Letter 53
Contributed by Kathleen Haynes      Contact Myrtle Bridges     June 05, 2008


						Paris, August 26, 1912
My dear Mother,
	Well, here I finally am. This is it, and it just as wonderful, just as fascinating, as beautiful as 
you've heard it is. I think most of the good things of this life that are not lasting, and I say I 
think, for the most of them there is probably more pleasure in the anticipation and the retrospect 
than even that of the realization. For example, I think that will be true of my trip abroad in its 
entirety when I look back on it with all the petty little discomforts sifted out of it. And so I was 
afraid I should be disappointed with this leaving so much of it, but I'm not.
	I'm at a nice hotel, something of a great moment to me after the rotten dumps I've been putting 
up with, and the food I'm quite sure is the best I've ever dreamed of eating, perfectly delicious. I 
don't find a thing to kick at and I've a nice room that looks out to the East over the roofs of Paris. 
I like the prospect. All the French novels I've read talk of them, Hugo and all the others and I like 
to think that it was some window like this through which Mimi was looking as she cried her little sad 
life away. 
	As for the Parisian women they're disappointing in their dress. I daresay all the elite are out of 
town, but those that are here wear stunning gowns and hats and the most terrible shoes - ugly laces, work 
stockings. So the tout ensemble as it were isn't as good as our America. I went to the Opera and heard 
Rigoletto sing better that I ever had before. Saw Cappelia dance, tho not better than in Boston, and then 
we went to Maxims and des Ambas - sad Euros, and all the other notorious cafes of Paris. It's most interesting 
to walk along the Boulevards. I had several boy friends here and we went around a good deal - only the 'life' 
you hear so much of is so mercenary - so false and hollow all for the Americans you know, and so much fills 
you with pity more than anything else. But I saw it all, and if anything was disappointing, it was the French. 

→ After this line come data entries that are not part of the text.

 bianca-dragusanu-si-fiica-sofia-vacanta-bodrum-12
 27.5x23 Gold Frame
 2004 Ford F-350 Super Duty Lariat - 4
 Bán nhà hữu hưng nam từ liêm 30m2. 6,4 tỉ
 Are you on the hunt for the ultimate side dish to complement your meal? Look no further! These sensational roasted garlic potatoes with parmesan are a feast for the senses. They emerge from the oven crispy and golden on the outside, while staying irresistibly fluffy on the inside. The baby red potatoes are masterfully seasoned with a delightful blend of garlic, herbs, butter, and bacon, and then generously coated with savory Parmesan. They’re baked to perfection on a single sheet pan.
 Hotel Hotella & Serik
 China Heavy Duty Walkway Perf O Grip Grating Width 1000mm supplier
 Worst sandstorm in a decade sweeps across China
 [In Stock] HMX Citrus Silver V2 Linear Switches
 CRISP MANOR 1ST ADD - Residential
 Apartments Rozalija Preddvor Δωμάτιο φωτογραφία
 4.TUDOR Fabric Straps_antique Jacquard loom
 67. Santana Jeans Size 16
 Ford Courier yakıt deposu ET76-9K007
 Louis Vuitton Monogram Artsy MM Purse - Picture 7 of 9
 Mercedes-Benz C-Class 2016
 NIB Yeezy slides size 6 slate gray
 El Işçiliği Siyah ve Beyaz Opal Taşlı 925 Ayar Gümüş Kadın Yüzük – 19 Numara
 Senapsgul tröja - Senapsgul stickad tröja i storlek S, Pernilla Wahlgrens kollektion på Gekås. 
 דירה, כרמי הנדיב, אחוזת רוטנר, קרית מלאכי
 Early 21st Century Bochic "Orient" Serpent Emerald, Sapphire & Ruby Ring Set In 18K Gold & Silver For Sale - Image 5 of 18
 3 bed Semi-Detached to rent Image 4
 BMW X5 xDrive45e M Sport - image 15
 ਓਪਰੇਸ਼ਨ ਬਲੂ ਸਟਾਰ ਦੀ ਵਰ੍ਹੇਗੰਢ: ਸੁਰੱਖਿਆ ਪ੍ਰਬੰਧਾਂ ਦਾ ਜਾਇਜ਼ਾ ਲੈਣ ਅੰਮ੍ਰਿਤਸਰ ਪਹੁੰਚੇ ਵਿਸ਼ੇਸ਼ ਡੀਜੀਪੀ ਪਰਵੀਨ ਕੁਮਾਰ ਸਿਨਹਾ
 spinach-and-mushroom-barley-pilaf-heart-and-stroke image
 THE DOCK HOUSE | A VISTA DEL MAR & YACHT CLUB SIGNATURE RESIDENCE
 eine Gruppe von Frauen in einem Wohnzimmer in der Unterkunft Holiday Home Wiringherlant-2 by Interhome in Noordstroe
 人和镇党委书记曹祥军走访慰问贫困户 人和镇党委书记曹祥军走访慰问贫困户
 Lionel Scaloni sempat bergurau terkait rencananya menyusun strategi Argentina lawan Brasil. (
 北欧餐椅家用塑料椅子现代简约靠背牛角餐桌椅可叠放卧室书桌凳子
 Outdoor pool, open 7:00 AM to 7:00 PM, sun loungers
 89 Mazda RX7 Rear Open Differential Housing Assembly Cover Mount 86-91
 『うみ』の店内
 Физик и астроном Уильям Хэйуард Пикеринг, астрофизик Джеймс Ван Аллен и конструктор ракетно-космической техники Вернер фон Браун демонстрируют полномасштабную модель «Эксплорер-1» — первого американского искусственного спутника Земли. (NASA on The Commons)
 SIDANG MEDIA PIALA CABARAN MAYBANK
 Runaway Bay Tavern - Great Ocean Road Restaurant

The men and the women are far below the Germans.
	I went to the beautiful Luxembourg and I don't think there were two pictures that I didn't like,  tho I 
couldn't say the same for the sculptures. There was the Mater Consolatrix and the lovely Whistler's Mother, 
oh so beautiful in her simplicity - and many, many others; then to the Louvre which I can never tell you all 
about and am going to try and finish tomorrow. And to Notre Dame and then to the church from whose tower the 
signal for St. Bartholomew was given and to the Hotel de Ville and the Place de la Bastille, and the Pantheon 
where are France's illustrious dead and Versailles with its palaces and fountains and parks and St. Cloud, and 
then all the boulevards and the Champs Elysees and the Place de la Concorde where the stature of Strasburg is 
draped in mourning for the loss of Alsace Lorraine, and where the House of Moliere was, and the house where 
D'Artagnan lived, now covered by a dry goods store. Tell Frank I thought about him there. And so I could run on 
and on naming streets and palaces and monuments and delightful vistas and then cross some of the beautiful bridges 
and do the same on the other bank. To the Palace of Justice and the Conciergiere where Marie Antoinette was imprisoned, 
and Robespierre, and so many others, and back again to the Louvre to see some more. And to Des Invalides, the museums 
that contained so much relating to the first empire - relics of various marshals and even the Emperor - his hat and 
pistols and sword and the famous gray coat and the bed he had at St Helena, and relics of the King of Rome - little 
toys and some of his hair and a little sword, all so very interesting to me. And then I went to his tomb. I'm quite 
sure I felt more emotion than ever before in all my life as I looked down - I mean more moved - it's most impressive 
to anyone, tho I know you'll laugh at that. The magnificent Las Coragus  is down below, and around all statues are 
names of twelve of his victories and captured battle flags - English, Russian, French, Austrian, Spanish and Prussian. 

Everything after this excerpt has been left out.